> **Task prompt**:
Only one stretch of the data below is needed: the line with "403 7088 Mont" through the last line. Output it exactly and drop the pictures.

------

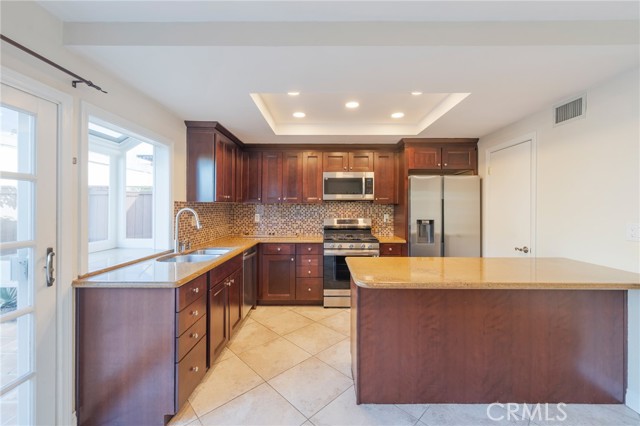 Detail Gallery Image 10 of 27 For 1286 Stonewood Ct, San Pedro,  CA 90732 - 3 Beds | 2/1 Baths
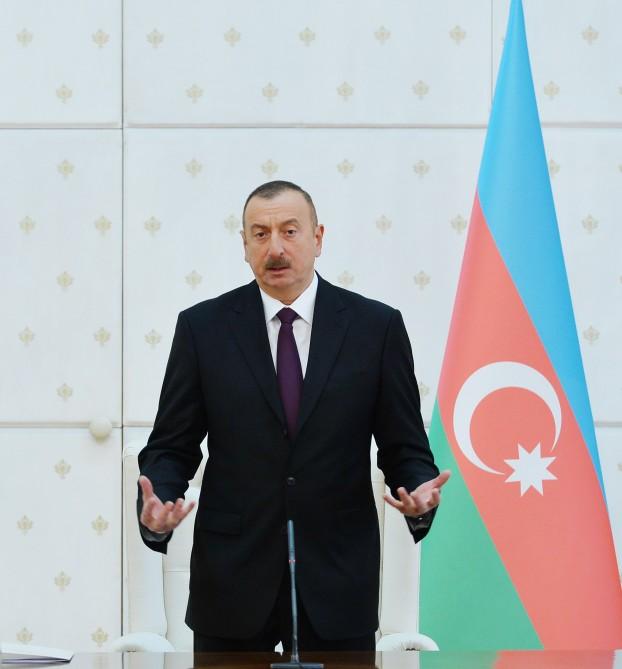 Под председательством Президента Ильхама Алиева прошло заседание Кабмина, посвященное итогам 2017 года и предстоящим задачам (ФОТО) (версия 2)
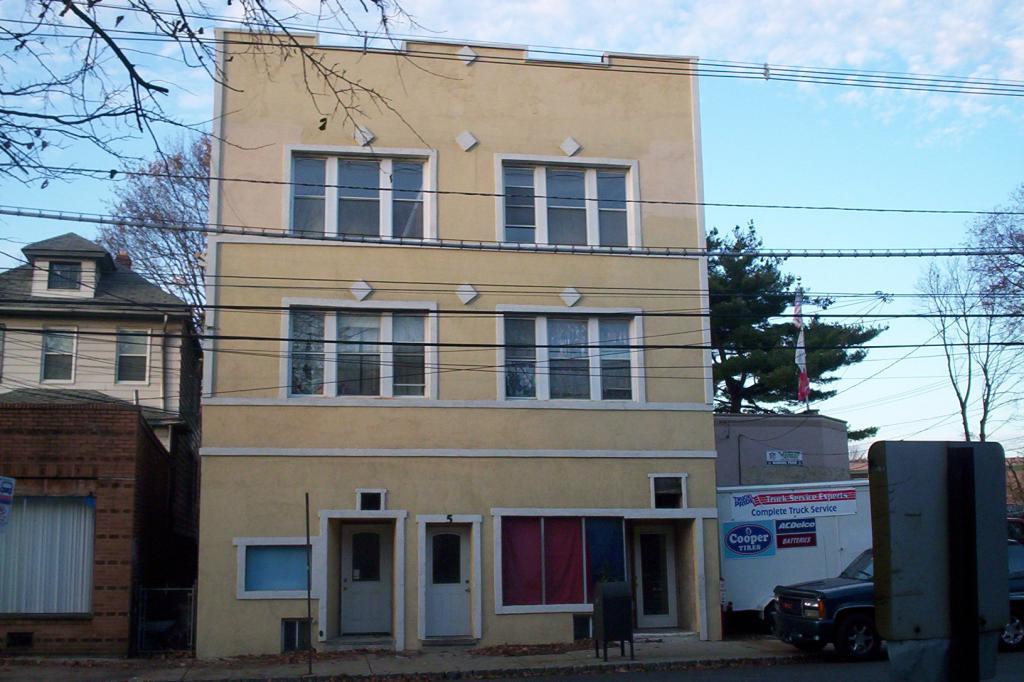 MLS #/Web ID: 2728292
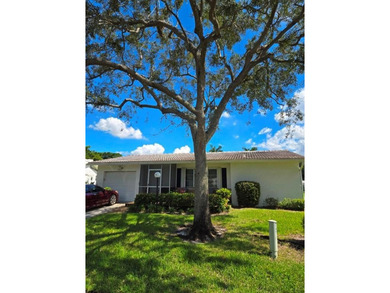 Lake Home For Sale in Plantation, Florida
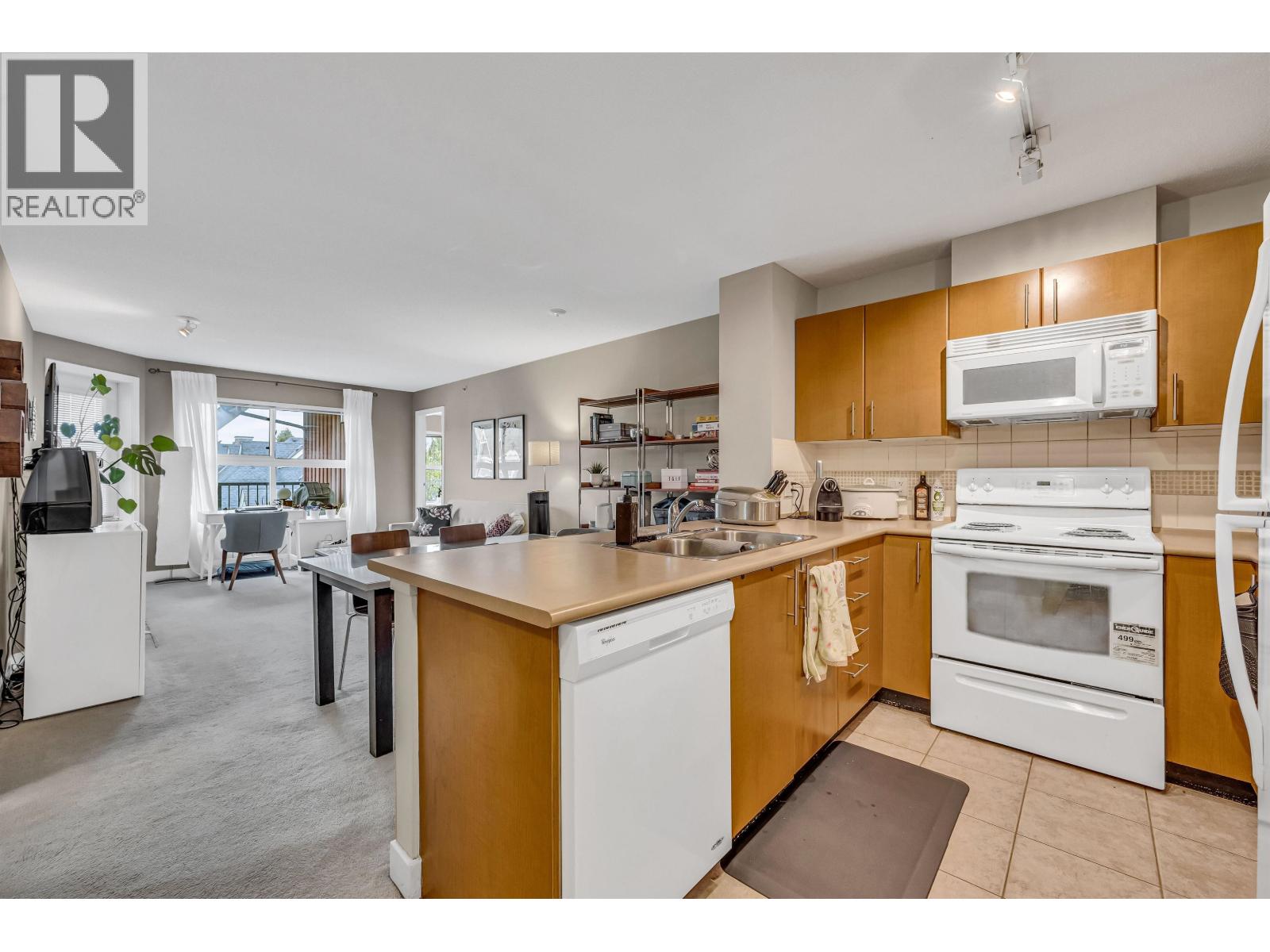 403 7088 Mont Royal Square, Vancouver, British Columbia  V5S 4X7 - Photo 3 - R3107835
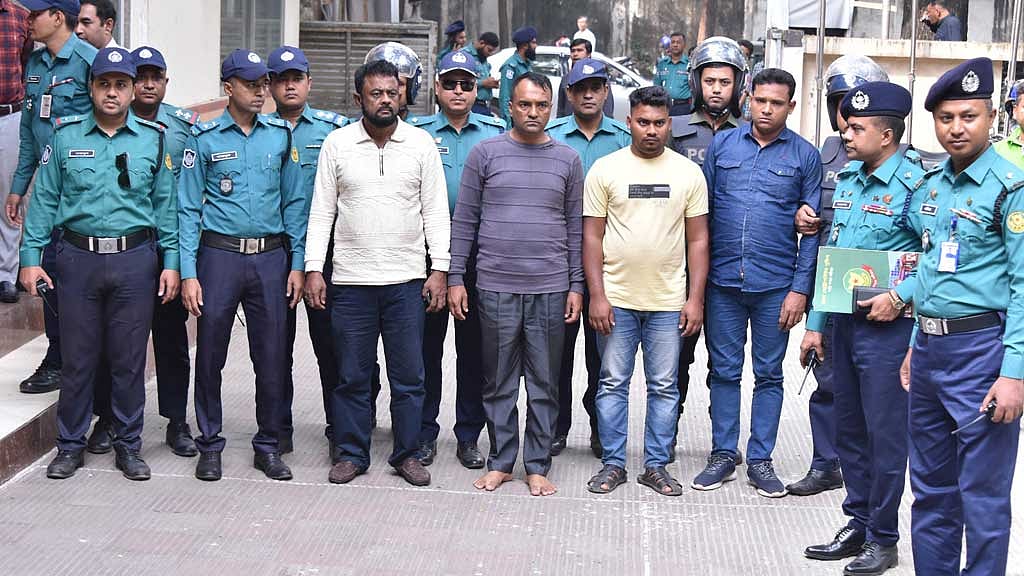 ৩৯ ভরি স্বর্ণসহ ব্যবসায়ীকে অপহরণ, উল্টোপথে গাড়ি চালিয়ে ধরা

------

> **Output below**:
 403 7088 Mont Royal Square, Vancouver, British Columbia  V5S 4X7 - Photo 3 - R3107835
 ৩৯ ভরি স্বর্ণসহ ব্যবসায়ীকে অপহরণ, উল্টোপথে গাড়ি চালিয়ে ধরা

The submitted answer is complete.